Daily Archives: August 15, 2014

“Bipolar”; Synonymous with Passion?

When I think of passion the thought of artistry or craftsmanship often enters my mind. After all, artists (of all kinds) are often considered the most passionate people around, and I initially coupled this idea of “passion” with something like a tenacious drive to succeed or create.

Earlier this week I was contemplating this notion, and I concluded that I didn’t really have a solid idea of what passion really is. I was having trouble putting my thoughts into words, and when this happens I generally find myself making a run for the dictionary.

While I did see some definitions that involved enthusiasm or romanticism as a main theme, I was surprised to find the following definition at the top of the list in regard to passion:

A powerful emotion, such as love, joy, hatred, or anger.” 

The idea that passion could be linked to any strong emotion was a new concept to me. As I began to consider it, it became clear; what is my life experience, but the amalgam of powerful emotions?

I am someone who can be, admittedly, a person who can be hard to compromise with. I know that a lot of that comes from the fact that I have strong feelings attached to everything I do, and because of bipolar disorder (or whatever it is that inherently contributes to the depth of my emotions) that passion can quickly overshadow the shrugs and indifference of the people around me.

I also know that this passion is something that draws many people to me, particularly those that also experience big or powerful emotions themselves. Frankly, it can be difficult for me to understand the motivation of people who don’t seem to care about much, and when I am surrounded by passionate people I feel the most at home.

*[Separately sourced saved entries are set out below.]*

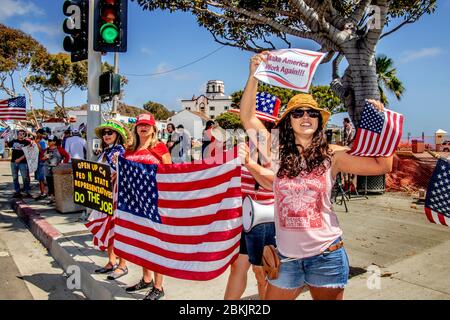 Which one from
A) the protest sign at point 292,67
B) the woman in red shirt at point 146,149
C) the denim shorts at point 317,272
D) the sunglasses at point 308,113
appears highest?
the protest sign at point 292,67

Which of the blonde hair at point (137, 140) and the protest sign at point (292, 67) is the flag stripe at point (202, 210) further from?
the protest sign at point (292, 67)

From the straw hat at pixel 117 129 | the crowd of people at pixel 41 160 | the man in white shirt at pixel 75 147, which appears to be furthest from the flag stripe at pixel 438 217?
the crowd of people at pixel 41 160

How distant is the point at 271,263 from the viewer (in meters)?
2.51

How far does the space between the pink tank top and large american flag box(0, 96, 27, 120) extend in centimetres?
1812

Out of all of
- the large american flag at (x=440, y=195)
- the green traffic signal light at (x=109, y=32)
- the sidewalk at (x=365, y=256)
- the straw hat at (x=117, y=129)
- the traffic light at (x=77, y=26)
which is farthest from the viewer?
the traffic light at (x=77, y=26)

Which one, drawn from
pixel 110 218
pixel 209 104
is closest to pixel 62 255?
pixel 110 218

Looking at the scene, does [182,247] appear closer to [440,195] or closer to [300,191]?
[300,191]

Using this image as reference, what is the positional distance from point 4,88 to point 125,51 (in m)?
26.0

While I don’t want it to sound like passion is limited to those who have bipolar disorder, I think we simply experience those big emotions much more frequently than the “average” person (average here used in more the mathematical sense than a dictation of social standing). Frankly, the disorder itself it based on the fact that we do. 

Of all the words I could possibly use to describe my emotional states (many having negative connotations) I think it is important to level the linguistic playing field from time to time and remind people that the attitudes we use to describe our lives have a big impact on overall social acceptance. At the same time, I find it extremely important to remind myself that the thing I keep trying to silence has truly contributed to an interesting life.

I hope that if you take nothing else away from this post, you will take away a short and sweet reminder this Friday:

Through all the ups and downs, there is one constant: your life is one of passion!